Berlinger thinks that Bundy’s deep-seated insecurity produced an arrogance and sense of superiority that made him believe that he’d never get caught, but he also stresses in the series that Bundy was a person like everyone else.
“Serial killers are not two dimensional monsters, they’re three dimensional human beings who have good and bad sides,” Berlinger said. “Here’s a guy who could compartmentalize his life. That’s why it’s so bone chillingly scary. It’s not some freak who emerges from the shadows, it’s a guy who had a family unit with Elizabeth Kloepfer and her daughter; a guy who in addition to his compulsion to kill also craved a sense of normalcy. I want to understand that.”

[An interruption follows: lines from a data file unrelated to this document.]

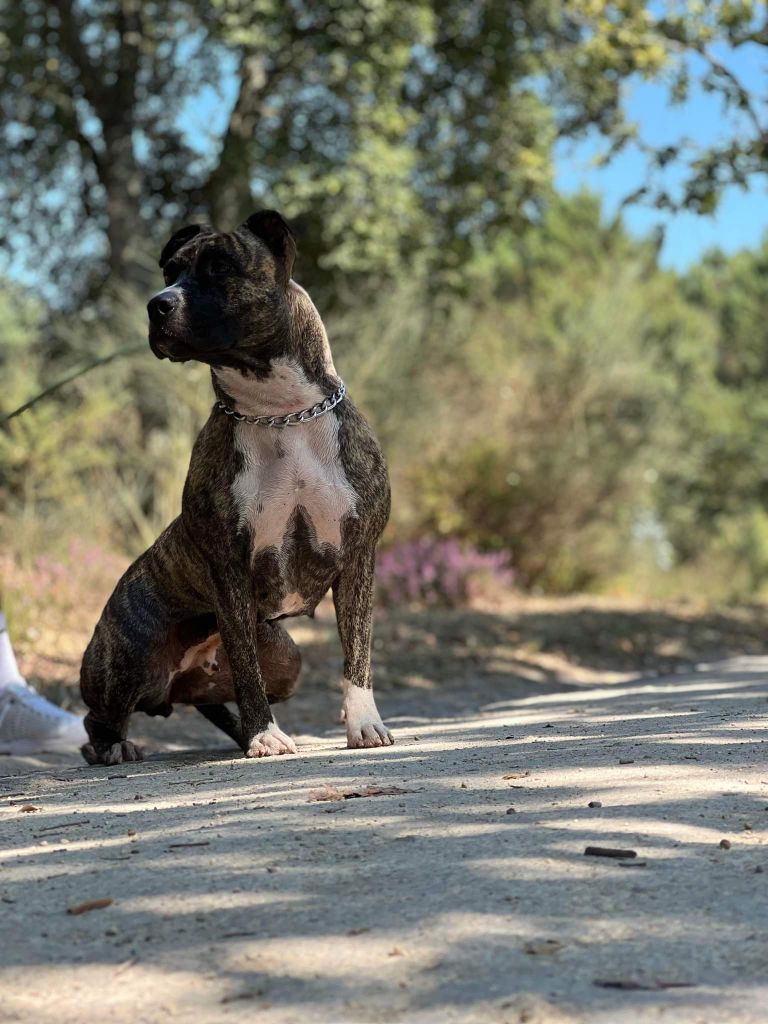 Sheraz brindle Panther Of Stafford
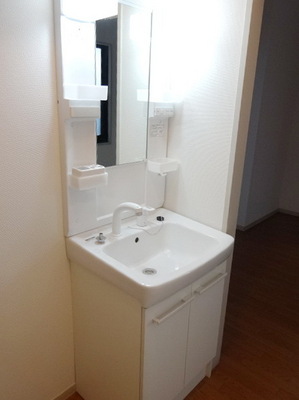 Washroom. Washbasin with shower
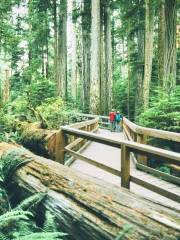 Cathedral Grove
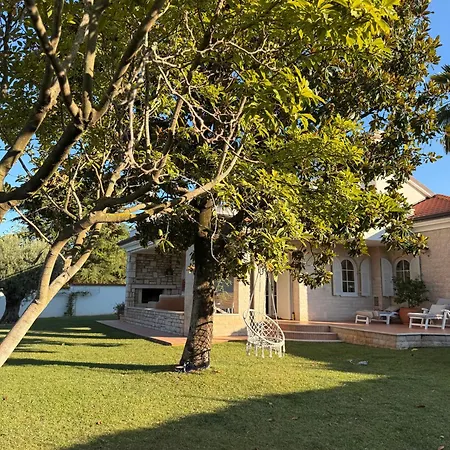 Tatil Evi House M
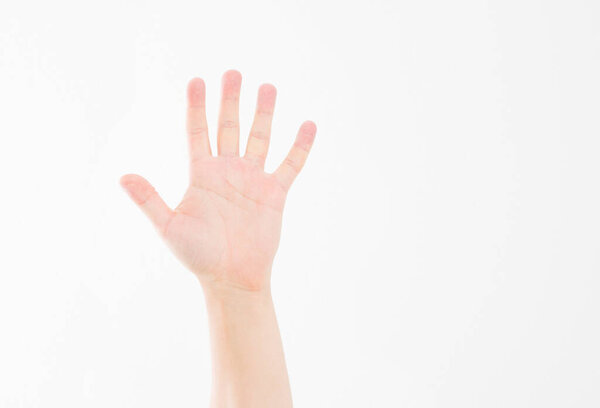 hand isolated on white.Voting hand. Mock up. Copy space. Template. Blank.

Ted Bundy is the guy that everyone’s heard of—a dark, sadistic icon amongst true crime fans fascinated with the sordid details of his heinous crimes as well as the strange events that followed him after he was caught and imprisoned. Bundy got married and fathered a child while in prison, and attempted to blame his crimes on porno. He spurred the FBI to start a profiling unit, and his case was the first to use bite-mark evidence, which was all the rage in the 70s, but widely considered junk science now. He was a chilling character who made a mockery of the justice system by representing himself in a court of law, escaping prison multiple times, and murdering again and again.
“Who escapes from prison once, let alone twice?” Berlinger said.
Bundy is arguably the first serial killer to create the true crime obsession on a larger scale thanks to his trial being the first one televised in American history. It became a media spectacle and turned a murder trial into prime entertainment. All this research was useful in another Bundy project helmed by Berlinger: the biopic Extremely Wicked, Shockingly Evil and Vile, which he directed. Starring Zac Efron as Bundy, the film premieres at Sundance this week and tells the story from the perspective of his girlfriend, Elizabeth Kloepfer.
There was no grand plan to become the Bundy storyteller of 2019, Berlinger relates, but shortly after the tapes came to him in 2017, the script landed on his desk also.
“Bundy had a live in girlfriend, who by all accounts was treated by Bundy wonderfully,” Berlinger said. “He was a wonderful boyfriend, and a wonderful surrogate father to this woman’s daughter from another relationship. She had no idea that he was so evil. And understanding how serial killers deceive, and people who do evil deceive, really is kind of the theme of the film.”
Berlinger thinks the scripted and unscripted stories he’s made are great companion pieces—two completely different takes on the same material, giving insight into the man who is still grabbing our attention 20 years after his reign of terror ended.